Kenyan special forces took at least seven hours to deploy at a university massacre in which almost 150 people were killed, scathing reports said, but security chief defended their response.
Alarm bells rang in Kenya’s elite Recce Company in Nairobi as soon as the first reports of Thursday’s pre-dawn attack around 5:30 am emerged in Garissa, a northeastern town some 365 kilometres (225 miles) from the capital.
But it would take until just before 2:00 pm until the main team reached the attack site, Kenya’s major Nation newspaper said, noting that the first airplane carried the interior minister and police chief.

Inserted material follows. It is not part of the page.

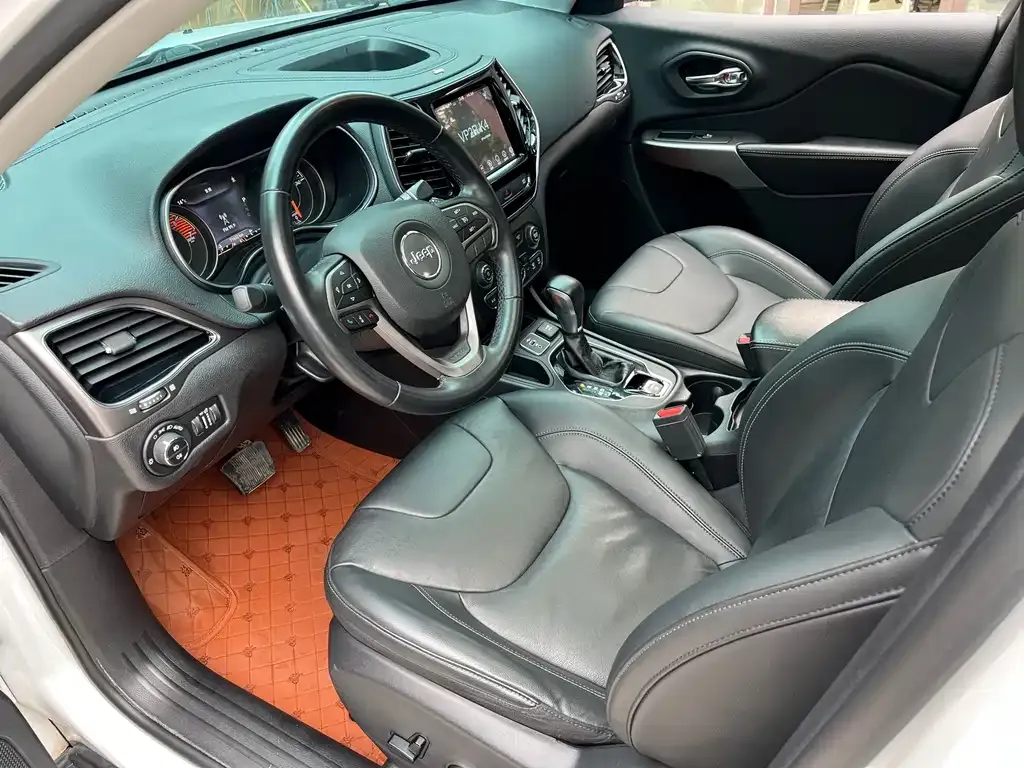 Jeep Cherokee 2021 из CN, фото 7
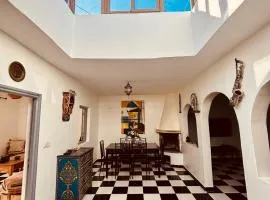 Maison de charme avec piscine et dépendances privées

“This is negligence on a scale that borders on the criminal,” the Nation wrote in its editorial, recalling how survivors said “the gunmen, who killed scores of students with obvious relish, took their time.”
Some journalists based in Nairobi who drove to Garissa after hearing the first reports of the attack arrived before the special forces, who came by air.

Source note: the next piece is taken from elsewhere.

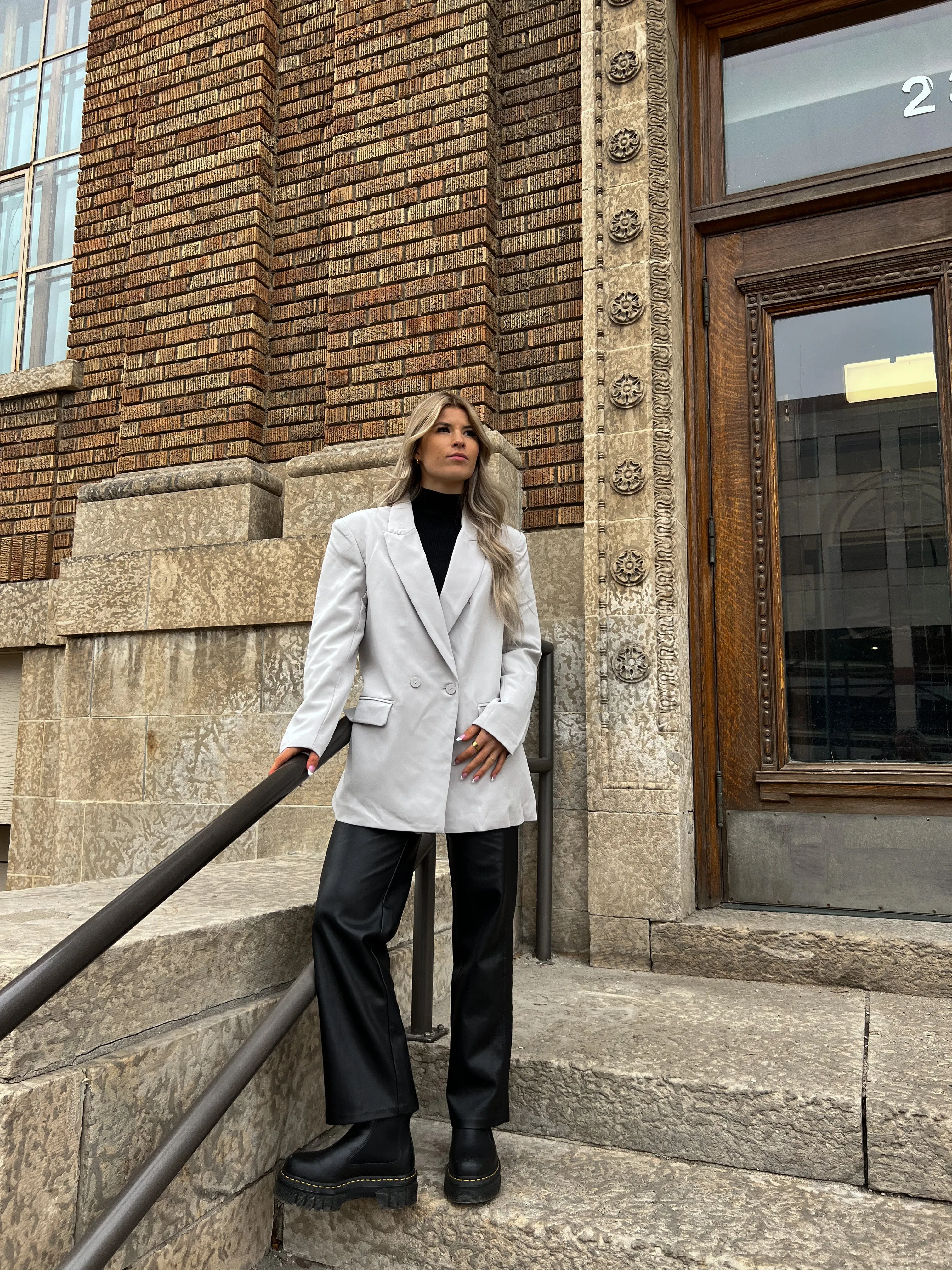 Effortless Blazer | Light Grey sold by Bella Chic product image thumbnail 3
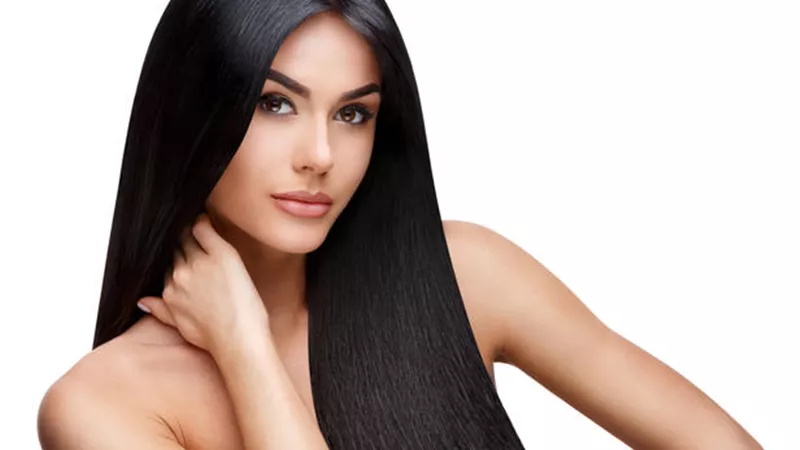 اصنعي بنفسك سيروم زيت العنبر واللوز لتنعيم الشعر الجاف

The Standard newspaper’s editorial cartoon accused security forces of sleeping on the job, depicting a snake labelled “terror threat” waking a snoring security officer with a bite, as a dog barks, “too little, too late”.

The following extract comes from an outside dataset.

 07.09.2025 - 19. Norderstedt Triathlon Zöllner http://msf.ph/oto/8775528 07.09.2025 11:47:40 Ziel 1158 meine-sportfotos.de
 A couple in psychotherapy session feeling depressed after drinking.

Interior Minster Joseph Nkaissery has said the attack was “one of those incidents which can surprise any country,” but newspapers were deeply critical of the government response.
Response ‘beggars belief’
The day-long seige that began long before dawn in Garissa, close to the border with Somalia, claimed 148 lives, including 142 students, three police officers and three soldiers.
About an hour before darkness fell, around 5:00 pm, troops moved in on the dormitory where the gunmen were holed up, apparently determined to prevent the siege lasting overnight as seen in the Westgate shopping mall in Nairobi in September 2013, when Shebab fighters killed at least 67 people over four days.
“It… beggars belief that many of the failures that were witnessed during the Westgate siege – including the late deployment of specialised police – were repeated in Garissa,” the Nation added.
The massacre was Kenya’s deadliest attack since the 1998 bombing of the US embassy in Nairobi.
But Foreign Minister Amina Mohamed defended the response, telling AFP yesterday that “fighting terrorism… is like being a goalkeeper. You have 100 saves, and nobody remembers them. They remember that one that went past you.”
Interior ministry spokesman Mwenda Njoka also dismissed the criticism.